Users can create databases by executing DDL statements using either the DLC Console or the API.
Creating a Data Table
Method I: Creating in Data Exploration
1. Log in to the DLC console and select the service region. Ensure the logged-in user has the permission to create data tables. 2. Navigate to the Data Exploration module. In the left list, click an existing database. Let the mouse pointer over the table row and click the icon. Then click Create Native Table or Create External Table. Note:
Native tables are stored in DLC managed storage. You do not need to worry about the underlying Iceberg storage format and it supports data optimization capabilities. To use native tables, managed storage must be enabled. For more details, see Managed Storage Configuration. The underlying data of an external table is stored in your own Cloud Object Storage. You need to specify the data path when creating an external table.
3. After you click Create Native Table/Create External Table, the system will automatically generate an SQL template for creating the data table. Users can modify the SQL template to create the data table. Click Run to execute the SQL statement and complete the creation.
Method II: Creating in Data Management
The Data Management module supports managing both native tables and external tables in DLC managed storage.
1. Log in to the DLC console and select the service region. Ensure the logged-in user has the permission to create data tables. 2. Go to Data Management through the menu on the left, enter Database, and click the name of the database where the data table will be located to enter the database management center page.
3. Click Create Native Table or Create External Table button to enter the data table configuration page.
4. Native tables support three types of data sources: empty table, local upload, and Cloud Object Storage (COS). Different data sources have different creation processes. Native tables also support data optimization capabilities, which can be set to inherit the database governance rules or managed independently.
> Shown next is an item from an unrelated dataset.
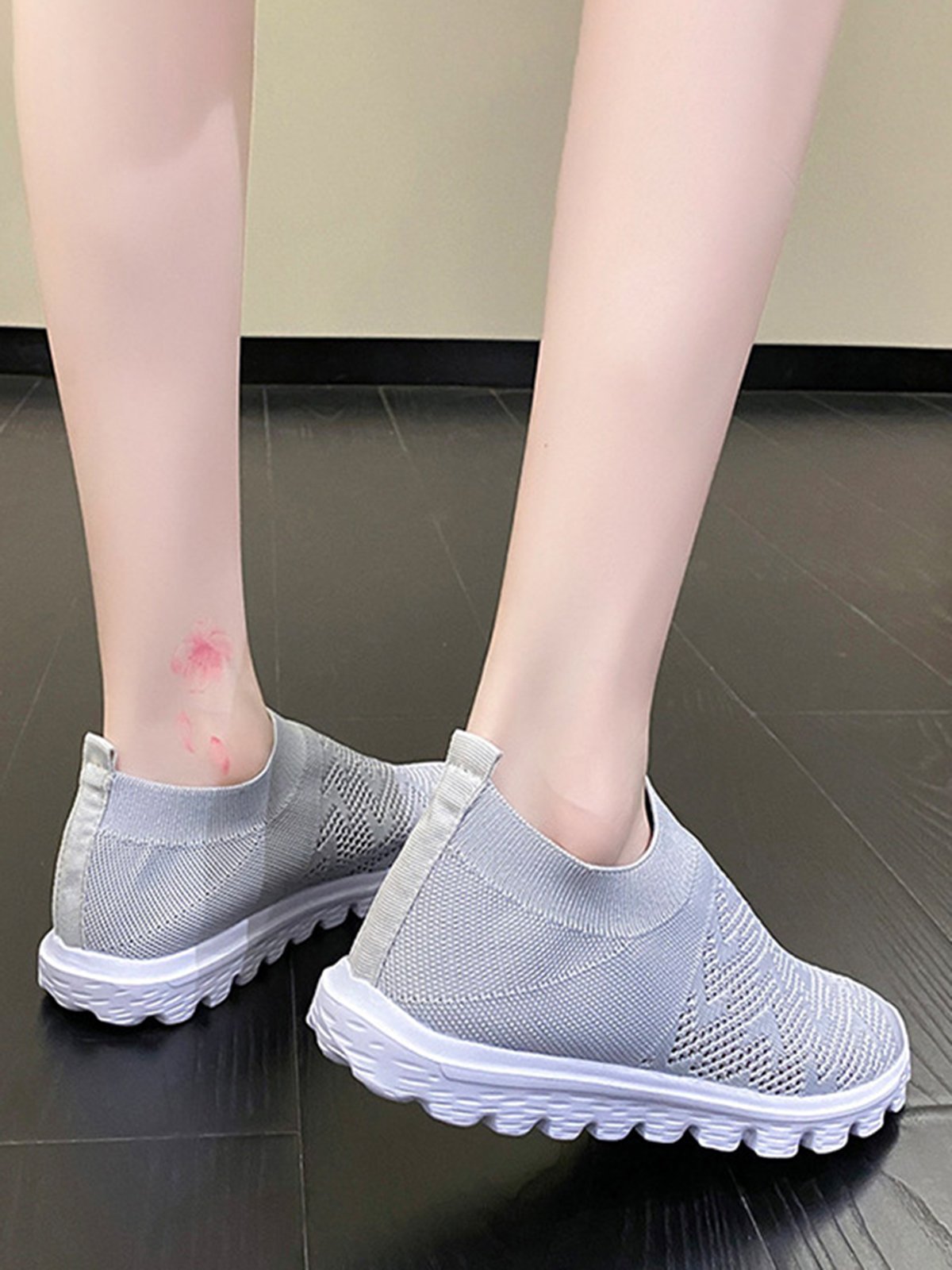Geometric Lightweight Soft Sole Non-Slip Flyknit Sneakers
4.1 Create Empty Table: Create an empty table with no records.
Table Name: Cannot start with a digit, supports uppercase and lowercase letters, digits, and underscores (_), up to 128 characters.
You can provide a description for the data table.
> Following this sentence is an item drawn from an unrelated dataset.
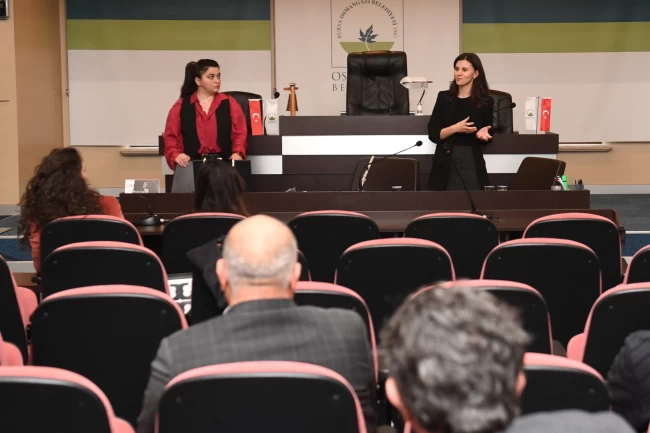 Bursa Osmangazi Belediyesi'nden yöneticilere eşitlik eğitimi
You can manually add and input column names and data types. Supports configuring complex field types such as array, map, and struct.
4.2 Local Upload: Upload a local file to DLC to create a data table, supporting files up to 100 MB.
CSV: Supports visual configuration of CSV parsing rules, including compression format, column delimiter, and field enclosure. It can automatically infer the schema of the data file and parse the first row as column names.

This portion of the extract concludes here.